In secondo luogo, le conseguenze economiche del Covid-19 sono state più aspre per i giovani. Un rapporto dell’OCSE sull’occupazione sottolinea che, assieme a quello delle donne, il gruppo che risentirà di più della crisi sarà proprio quello dei giovani. Questi hanno infatti lavori meno stabili, e spesso nei settori più colpiti dalla crisi, come ad esempio l’ospitalità. L’OCSE inoltre nota che questi stessi lavori sono a più alto rischio di contagio, rendendo i giovani dei potenziali vettori di diffusione del virus proprio a causa del loro lavoro (non delle loro vacanze). In Italia il fenomeno è ancora più marcato in quanto, non essendo economicamente autonomi, molti giovani vivono con i propri genitori, aumentando il rischio di contagio delle generazioni più anziane.
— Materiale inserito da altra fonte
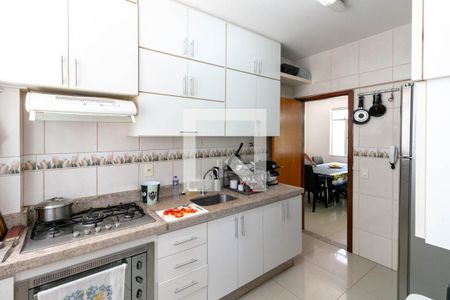 Apartamento à venda com 110m², 3 quartos e 1 vagaCozinha e Área de Serviço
Preoccupandosi dell’incertezza del mercato del lavoro, molti studi, infatti, hanno trovato come elemento più interessante il divario tra reddito e spesa per gruppi di età e classi di reddito, c’è chi, invece, ha sottolineato che avendo lavori meno stabili si sono visti privare di esperienze lavorative e formative, chi ha parlato della maggiore riduzioni dei loro redditi che delle prospettive occupazionali. La popolazione in età compresa tra i 20 e i 29 anni risulta colpita in modo “sproporzionato” dalla crisi mettendo in evidenza come un giovane su sei ha perso il lavoro dall’inizio del mese di Marzo.
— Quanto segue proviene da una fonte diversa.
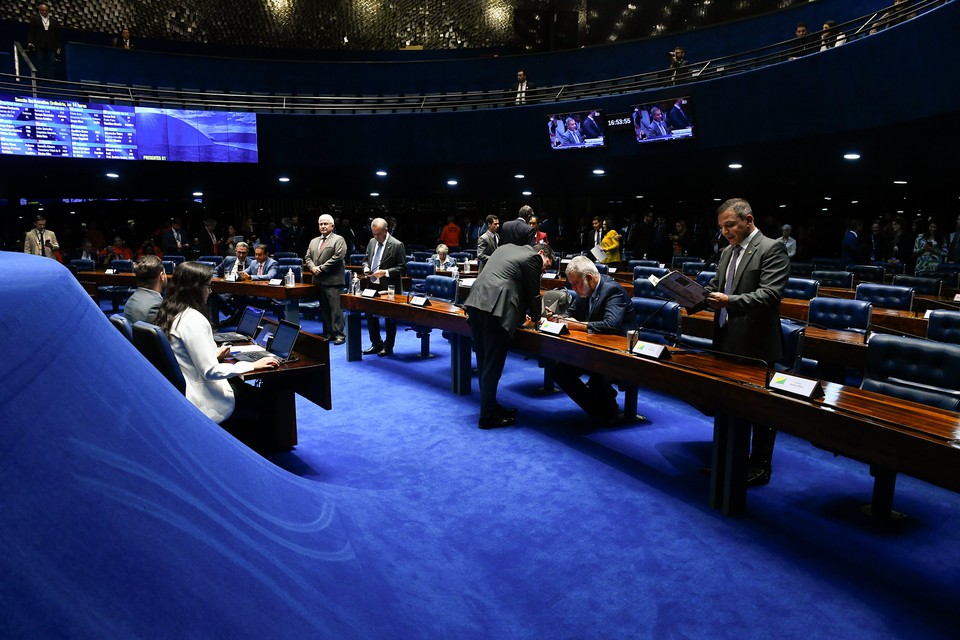 Parlamentares aprovaram um destaque governista no PL do Mover, instituindo o imposto de 20% sobre compras internacionais de at US$ 50 (foto: Marcos Oliveira/Agncia Senado)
Entrare nel merito del discorso di eliminare o compensare le disuguaglianze (cospicue), soprattutto intergenerazionali, e con quali strumenti intervenire dovrebbe essere una priorità e merita risposte, anzi capacità di risposta, oggi più di ieri, concreta da parte di tutti, soprattutto perché l’obbligo di stare a casa, l’instabilità economica e le pressioni familiari hanno una portata che si ripercuote maggiormente sui giovani. Basti pensare a come uscire il meno possibile di casa generi il cosiddetto isolamento sociale, e se questa diventa un’abitudine, può provocare effetti inaspettati e indesiderati, pregiudicando la nostra capacità di cooperazione e la nostra tendenza a socializzare, sarà, così, per molti, imprescindibile chiedere aiuto ad un supporto medico o psicologico sul nostro benessere psico – fisico. L’autoreclusione e il ritiro sociale, hanno effetti negativi anche sulle nostre capacità sociali, mettendo a rischio i rapporti con gli altri e ci impedendoci di godere dei piaceri della vita. Per quanto riguarda le pressioni familiari, ciascuno di noi è stato, ed è ancora chiamato, a cambiare abitudini ed è chiamato a costruire nuove abilità e nuovi automatismi per adattarsi alla mutata situazione sociali, tutti sappiamo che stiamo vivendo un cambiamento che ha frantumato certezze con cui siamo cresciuti e con cui ci siamo confrontati fino ad oggi. Dunque, mentre il divario intergenerazionale si allarga, le fasce più giovani cominciamo a vivere in un clima di incertezza e insicurezza, mai sperimento prima e che sembra si stia aggravando in maniera costante.

Se da un lato è risaputo come ogni teoria sia fortemente condizionata dalle ipotesi sottostanti in merito a persone, cultura e dalla connessione tra individuo, gruppo e ambiente, dall’altro si può affermare che il modello su cui è basato il progresso non sia stato in grado di contrastare la tendenza, anzi probabilmente l’ha anche condizionata, in cui le posizioni economiche e sociali sono risultate fortemente predefinite, occorrerebbe da parte della classe politica rispondere con chiarezza, su ciò che risulti giustificabile o meno, in termini di impegno e risultati, ma anche di mea culpa per le proprie mancanze nel compiere azioni in grado di livellare e favorire la realizzazione , in termini di probabilità da parte dei giovani di esprimere i propri valori e le proprie aspirazioni.